Les internautes expriment de fortes intentions d’équipement
La 3D dans les foyers est encore à venir, les premières ventes significatives ayant eu lieu en 2010. Ainsi, selon l’enquête Digitalscope, moins de 1% des internautes étaient équipés en 3D à la fin de l’année. Précisions que l’essentiel des ventes ayant été réalisé au moment des fêtes de Noël, il est fort probable que ce taux soit aujourd’hui deux à trois fois supérieur. En revanche, les internautes expriment de fortes intentions d’équipement : 7% déclarent vouloir acheter un écran 3D courant 2011 pour des investissements moyens de 1 593 €.
(cf Graphique N°7)
Il suffirait donc que la moitié des intentions d’achat se réalisent effectivement pour que le marché du téléviseur 3D atteigne 1,8 milliards d’euros avec un volume de plus d’un million d’écrans en 2011 ! Ainsi la 3D constitue-t-elle indéniablement une opportunité pour accroître le chiffre d’affaires des industriels de l’audiovisuel.
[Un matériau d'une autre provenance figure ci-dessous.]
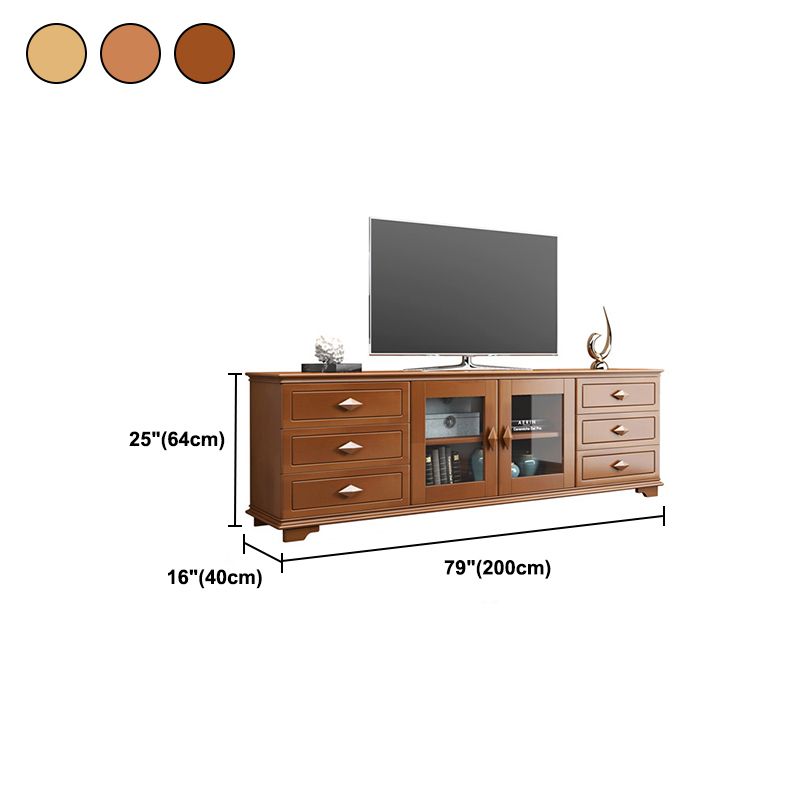 16" / 16.5" D TV Stand Solid Wood TV Console with Drawers and Doors for Living Room Clearhalo 'furn' 'furn_tv_stands_entertainment_centers' 'Furniture' 'Living Room Furniture' 'TV Stands & Entertainment Centers' 'TV Stands & Media Storage Furniture' 'tv_stands_entertainment_centers' 1200x1200_d79ab36e-c814-458b-a792-dfd0a1bdcf3b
La question reste cependant celle de l’acceptabilité du port de lunettes par le public. Une contrainte qui pourrait cantonner la 3D à une pratique télévisuelle à part, limitée à certains types de programmes à grand spectacle (films, sport, concerts, etc.). Cependant la technologie à venir des écrans auto-stéréoscopiques pourrait remédier à ce problème. S’il est encore difficile de fixer son horizon de déploiement dans le domaine de la télévision, les acteurs suivront avec attention les ventes de la dernière console portable de Nintendo, la 3DS, exploitant cette technologie sur un écran de taille réduite.